Sample string used for illustrations:

>>> s = 'Berlin: 18.4 C at 4 pm'

Strings behave much like lists/tuples - they are a sequence of characters:

>>> s[0]
'B'
>>> s[1]
'e'
>>> s[-1]
'm'

Extracting substrings

Substrings are just as slices of lists and arrays:

>>> s
'Berlin: 18.4 C at 4 pm'
>>> s[8:]     # from index 8 to the end of the string
'18.4 C at 4 pm'
>>> s[8:12]   # index 8, 9, 10 and 11 (not 12!)
'18.4'
>>> s[8:-1]
'18.4 C at 4 p'
>>> s[8:-8]
'18.4 C'

Find start of substring:

>>> s.find('Berlin')  # where does 'Berlin' start?
0                     # at index 0
>>> s.find('pm')
20
>>> s.find('Oslo')    # not found
-1

Checking if a substring is contained in a string

>>> 'Berlin' in s:
True
>>> 'Oslo' in s:
False

>>> if 'C' in s:
...     print 'C found'
... else:
...     print 'no C'
...
C found

Substituting a substring by another string

s.replace(s1, s2): replace s1 by s2

>>> s.replace(' ', '__')
'Berlin:__18.4__C__at__4__pm'
>>> s.replace('Berlin', 'Bonn')
'Bonn: 18.4 C at 4 pm'

Example: replace the text before the first colon by 'Bonn'

>>> s
'Berlin: 18.4 C at 4 pm'
>>> s.replace(s[:s.find(':')], 'Bonn')
'Bonn: 18.4 C at 4 pm'

1) s.find(':') returns 6, 2) s[:6] is 'Berlin', 3) Berlin is replaced by 'Bonn'

Splitting a string into a list of substrings

s.split(sep): split s into a list of substrings separated by sep (no separator implies split wrt whitespace):

>>> s
'Berlin: 18.4 C at 4 pm'
>>> s.split(':')
['Berlin', ' 18.4 C at 4 pm']
>>> s.split()
['Berlin:', '18.4', 'C', 'at', '4', 'pm']

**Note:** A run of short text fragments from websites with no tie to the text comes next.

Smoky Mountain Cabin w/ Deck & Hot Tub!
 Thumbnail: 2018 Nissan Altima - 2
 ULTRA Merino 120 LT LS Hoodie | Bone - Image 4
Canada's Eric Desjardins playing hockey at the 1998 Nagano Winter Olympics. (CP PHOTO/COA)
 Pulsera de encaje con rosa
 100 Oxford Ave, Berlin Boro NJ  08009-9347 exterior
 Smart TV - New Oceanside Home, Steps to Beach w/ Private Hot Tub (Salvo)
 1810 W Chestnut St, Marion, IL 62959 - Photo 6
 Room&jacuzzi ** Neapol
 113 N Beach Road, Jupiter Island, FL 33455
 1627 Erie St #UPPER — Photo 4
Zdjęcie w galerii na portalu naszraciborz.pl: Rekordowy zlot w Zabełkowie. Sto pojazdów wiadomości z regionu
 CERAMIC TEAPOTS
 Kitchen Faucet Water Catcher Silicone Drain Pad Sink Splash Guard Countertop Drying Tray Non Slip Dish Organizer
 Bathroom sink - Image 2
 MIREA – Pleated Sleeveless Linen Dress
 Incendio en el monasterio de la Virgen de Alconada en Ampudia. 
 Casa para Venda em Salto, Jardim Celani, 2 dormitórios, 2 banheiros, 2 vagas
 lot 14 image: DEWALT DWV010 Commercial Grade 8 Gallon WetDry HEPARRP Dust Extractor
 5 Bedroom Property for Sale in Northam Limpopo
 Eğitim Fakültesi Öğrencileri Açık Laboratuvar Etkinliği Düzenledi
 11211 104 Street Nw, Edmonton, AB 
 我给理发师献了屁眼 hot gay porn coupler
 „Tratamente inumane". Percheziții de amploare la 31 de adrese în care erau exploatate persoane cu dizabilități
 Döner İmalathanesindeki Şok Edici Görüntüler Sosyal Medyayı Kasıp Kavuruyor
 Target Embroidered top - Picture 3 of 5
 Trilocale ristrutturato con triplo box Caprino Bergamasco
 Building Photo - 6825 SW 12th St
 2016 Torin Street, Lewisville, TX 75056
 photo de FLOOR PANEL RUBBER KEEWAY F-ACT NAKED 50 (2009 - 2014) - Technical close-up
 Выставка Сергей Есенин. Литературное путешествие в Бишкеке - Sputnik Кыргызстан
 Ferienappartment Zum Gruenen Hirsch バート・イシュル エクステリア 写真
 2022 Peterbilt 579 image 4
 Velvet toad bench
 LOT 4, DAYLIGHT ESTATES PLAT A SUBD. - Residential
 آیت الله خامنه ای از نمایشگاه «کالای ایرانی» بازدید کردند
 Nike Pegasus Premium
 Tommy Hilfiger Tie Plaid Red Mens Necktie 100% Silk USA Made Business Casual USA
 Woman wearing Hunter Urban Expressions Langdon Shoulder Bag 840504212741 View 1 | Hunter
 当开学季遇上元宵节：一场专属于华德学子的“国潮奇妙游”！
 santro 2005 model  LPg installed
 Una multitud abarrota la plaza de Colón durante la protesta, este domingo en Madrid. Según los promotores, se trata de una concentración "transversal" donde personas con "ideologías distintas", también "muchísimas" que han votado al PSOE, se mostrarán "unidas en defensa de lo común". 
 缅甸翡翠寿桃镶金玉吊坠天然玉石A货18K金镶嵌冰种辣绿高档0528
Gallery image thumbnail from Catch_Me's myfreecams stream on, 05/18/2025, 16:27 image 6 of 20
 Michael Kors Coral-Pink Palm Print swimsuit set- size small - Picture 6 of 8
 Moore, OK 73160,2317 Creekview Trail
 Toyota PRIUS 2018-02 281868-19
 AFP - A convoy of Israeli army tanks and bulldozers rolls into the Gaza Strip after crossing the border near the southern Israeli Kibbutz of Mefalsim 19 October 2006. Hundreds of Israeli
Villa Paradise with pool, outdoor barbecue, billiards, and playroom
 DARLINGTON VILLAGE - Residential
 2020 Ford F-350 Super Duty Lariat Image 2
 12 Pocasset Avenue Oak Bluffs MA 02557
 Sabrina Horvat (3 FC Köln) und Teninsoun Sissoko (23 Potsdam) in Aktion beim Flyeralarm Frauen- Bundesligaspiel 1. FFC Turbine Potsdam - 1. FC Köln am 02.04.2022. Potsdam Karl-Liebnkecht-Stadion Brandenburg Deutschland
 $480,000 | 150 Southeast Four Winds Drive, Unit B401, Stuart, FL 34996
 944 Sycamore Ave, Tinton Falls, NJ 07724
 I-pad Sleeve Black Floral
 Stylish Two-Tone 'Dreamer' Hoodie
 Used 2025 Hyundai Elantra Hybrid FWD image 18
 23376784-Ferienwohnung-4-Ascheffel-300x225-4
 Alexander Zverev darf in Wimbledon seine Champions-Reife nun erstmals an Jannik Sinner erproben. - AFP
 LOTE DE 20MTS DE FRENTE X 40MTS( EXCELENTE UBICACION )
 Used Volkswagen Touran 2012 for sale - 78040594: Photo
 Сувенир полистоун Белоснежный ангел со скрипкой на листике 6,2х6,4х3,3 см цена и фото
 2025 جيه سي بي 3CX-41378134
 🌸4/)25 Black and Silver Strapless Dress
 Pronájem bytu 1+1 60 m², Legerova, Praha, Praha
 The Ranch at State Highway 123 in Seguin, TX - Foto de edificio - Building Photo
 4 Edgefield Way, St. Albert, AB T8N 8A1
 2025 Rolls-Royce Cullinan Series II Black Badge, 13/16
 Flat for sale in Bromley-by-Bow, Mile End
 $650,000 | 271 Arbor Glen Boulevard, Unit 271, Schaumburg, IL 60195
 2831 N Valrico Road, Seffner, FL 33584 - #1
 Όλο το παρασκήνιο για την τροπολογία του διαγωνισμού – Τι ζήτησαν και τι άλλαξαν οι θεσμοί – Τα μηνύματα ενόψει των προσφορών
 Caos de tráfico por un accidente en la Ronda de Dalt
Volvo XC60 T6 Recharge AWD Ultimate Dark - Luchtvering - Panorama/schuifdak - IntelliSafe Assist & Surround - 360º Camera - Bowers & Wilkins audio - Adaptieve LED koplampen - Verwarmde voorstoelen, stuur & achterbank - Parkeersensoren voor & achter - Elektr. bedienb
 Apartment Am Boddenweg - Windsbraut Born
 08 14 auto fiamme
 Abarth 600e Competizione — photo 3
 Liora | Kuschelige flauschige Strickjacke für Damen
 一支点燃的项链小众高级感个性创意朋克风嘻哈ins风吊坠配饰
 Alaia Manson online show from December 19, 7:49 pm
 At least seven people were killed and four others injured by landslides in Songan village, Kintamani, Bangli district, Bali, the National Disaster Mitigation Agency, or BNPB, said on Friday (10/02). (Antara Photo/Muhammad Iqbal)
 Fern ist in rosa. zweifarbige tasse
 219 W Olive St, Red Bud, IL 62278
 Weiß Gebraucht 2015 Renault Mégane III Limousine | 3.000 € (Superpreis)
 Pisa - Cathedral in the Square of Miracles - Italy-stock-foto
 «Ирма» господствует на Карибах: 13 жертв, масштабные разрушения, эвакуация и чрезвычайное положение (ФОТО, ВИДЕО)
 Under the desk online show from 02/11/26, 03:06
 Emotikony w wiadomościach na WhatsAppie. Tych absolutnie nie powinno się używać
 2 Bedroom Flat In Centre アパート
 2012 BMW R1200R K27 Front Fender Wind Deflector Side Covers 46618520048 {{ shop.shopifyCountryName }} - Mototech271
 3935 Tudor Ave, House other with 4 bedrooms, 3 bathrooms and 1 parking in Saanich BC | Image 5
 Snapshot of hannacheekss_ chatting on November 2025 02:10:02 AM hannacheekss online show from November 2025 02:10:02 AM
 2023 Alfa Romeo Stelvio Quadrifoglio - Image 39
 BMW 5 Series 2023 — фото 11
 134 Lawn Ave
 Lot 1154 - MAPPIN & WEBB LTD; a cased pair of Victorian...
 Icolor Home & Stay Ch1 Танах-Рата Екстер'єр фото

Try to understand this one:

>>> s.split(':')[1].split()[0]
'18.4'
>>> deg = float(_)  # _ represents the last result
>>> deg
18.4

Splitting a string into lines

  • Very often, a string contains lots of text and we want to split the text into separate lines
  • Lines may be separated by different control characters on different platforms: \n on Unix/Linux/Mac, \r\n on Windows

>>> t = '1st line\n2nd line\n3rd line'     # Unix-line
>>> print t
1st line
2nd line
3rd line
>>> t.split('\n')
['1st line', '2nd line', '3rd line']
>>> t.splitlines()
['1st line', '2nd line', '3rd line']
>>> t = '1st line\r\n2nd line\r\n3rd line' # Windows
>>> t.split('\n')
['1st line\r', '2nd line\r', '3rd line']   # not what we want
>>> t.splitlines()                         # cross platform!
['1st line', '2nd line', '3rd line']

Strings are constant - immutable - objects

You cannot change a string in-place (as you can with lists and arrays) - all changes of a strings results in a new string

>>> s[18] = 5
...
TypeError: 'str' object does not support item assignment

>>> # build a new string by adding pieces of s:
>>> s2 = s[:18] + '5' + s[19:]
>>> s2
'Berlin: 18.4 C at 5 pm'

Stripping off leading/trailing whitespace

>>> s = '   text with leading/trailing space   \n'
>>> s.strip()
'text with leading/trailing space'
>>> s.lstrip()   # left strip
'text with leading/trailing space   \n'
>>> s.rstrip()   # right strip
'   text with leading/trailing space'

Some convenient string functions

>>> '214'.isdigit()
True
>>> '  214 '.isdigit()
False
>>> '2.14'.isdigit()
False

>>> s.lower()
'berlin: 18.4 c at 4 pm'
>>> s.upper()
'BERLIN: 18.4 C AT 4 PM'

>>> s.startswith('Berlin')
True
>>> s.endswith('am')
False

>>> '    '.isspace()   # blanks
True
>>> '  \n'.isspace()   # newline
True
>>> '  \t '.isspace()  # TAB
True
>>> ''.isspace()       # empty string
False

Joining a list of substrings to a new string

We can put strings together with a delimiter in between:

>>> strings = ['Newton', 'Secant', 'Bisection']
>>> ', '.join(strings)
'Newton, Secant, Bisection'

These are inverse operations:

t = delimiter.join(stringlist)
stringlist = t.split(delimiter)

Split off the first two words on a line:

>>> line = 'This is a line of words separated by space'
>>> words = line.split()
>>> line2 = ' '.join(words[2:])
>>> line2
'a line of words separated by space'

Example: Read pairs of numbers (x,y) from a file

Sample file:

(1.3,0)    (-1,2)    (3,-1.5)
(0,1)      (1,0)     (1,1)
(0,-0.01)  (10.5,-1) (2.5,-2.5)

Algorithm:

  1. Read line by line
  2. For each line, split line into words
  3. For each word, strip off the parethesis and split the rest wrt comma

The code for reading pairs

lines = open('read_pairs.dat', 'r').readlines()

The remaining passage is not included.